§ **What to produce**
Look for "Picture" in the material below and show each line that contains it.
• • •
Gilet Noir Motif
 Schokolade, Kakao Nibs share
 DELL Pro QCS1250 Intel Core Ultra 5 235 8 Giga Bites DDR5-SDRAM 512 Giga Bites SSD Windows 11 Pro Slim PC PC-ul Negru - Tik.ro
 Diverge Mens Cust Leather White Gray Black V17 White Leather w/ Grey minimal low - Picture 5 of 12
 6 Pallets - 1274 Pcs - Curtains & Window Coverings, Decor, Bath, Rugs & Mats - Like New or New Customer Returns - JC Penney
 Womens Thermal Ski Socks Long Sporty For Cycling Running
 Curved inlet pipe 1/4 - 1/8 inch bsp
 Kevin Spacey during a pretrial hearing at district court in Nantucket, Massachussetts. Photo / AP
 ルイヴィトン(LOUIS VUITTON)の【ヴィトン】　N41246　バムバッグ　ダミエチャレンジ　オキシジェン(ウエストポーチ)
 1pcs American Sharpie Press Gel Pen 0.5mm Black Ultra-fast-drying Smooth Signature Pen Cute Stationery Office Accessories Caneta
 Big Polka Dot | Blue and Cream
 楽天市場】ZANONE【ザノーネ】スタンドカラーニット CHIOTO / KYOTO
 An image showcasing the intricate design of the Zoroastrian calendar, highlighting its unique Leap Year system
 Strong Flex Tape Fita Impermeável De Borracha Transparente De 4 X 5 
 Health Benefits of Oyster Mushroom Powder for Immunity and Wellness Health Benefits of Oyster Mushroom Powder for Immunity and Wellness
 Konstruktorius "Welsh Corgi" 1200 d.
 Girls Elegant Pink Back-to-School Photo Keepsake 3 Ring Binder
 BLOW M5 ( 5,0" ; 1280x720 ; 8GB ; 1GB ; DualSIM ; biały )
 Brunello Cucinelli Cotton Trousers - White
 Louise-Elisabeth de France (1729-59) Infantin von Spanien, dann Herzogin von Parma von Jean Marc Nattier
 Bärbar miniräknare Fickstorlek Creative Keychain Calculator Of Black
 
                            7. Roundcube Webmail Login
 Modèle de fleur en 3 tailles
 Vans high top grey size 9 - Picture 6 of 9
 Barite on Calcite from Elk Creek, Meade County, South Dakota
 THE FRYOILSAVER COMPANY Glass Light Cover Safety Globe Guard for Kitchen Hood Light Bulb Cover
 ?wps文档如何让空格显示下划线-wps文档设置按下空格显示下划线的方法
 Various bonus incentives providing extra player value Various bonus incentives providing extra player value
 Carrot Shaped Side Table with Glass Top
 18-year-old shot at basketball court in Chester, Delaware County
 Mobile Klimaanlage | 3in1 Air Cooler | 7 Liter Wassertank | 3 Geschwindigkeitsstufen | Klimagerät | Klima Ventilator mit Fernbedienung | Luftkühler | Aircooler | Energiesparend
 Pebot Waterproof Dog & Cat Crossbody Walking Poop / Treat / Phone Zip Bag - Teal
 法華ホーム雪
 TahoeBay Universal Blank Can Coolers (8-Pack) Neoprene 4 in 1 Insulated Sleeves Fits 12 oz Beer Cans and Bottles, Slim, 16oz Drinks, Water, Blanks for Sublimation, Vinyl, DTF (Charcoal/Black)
• • •
§ **The completed task**
 Diverge Mens Cust Leather White Gray Black V17 White Leather w/ Grey minimal low - Picture 5 of 12
 Vans high top grey size 9 - Picture 6 of 9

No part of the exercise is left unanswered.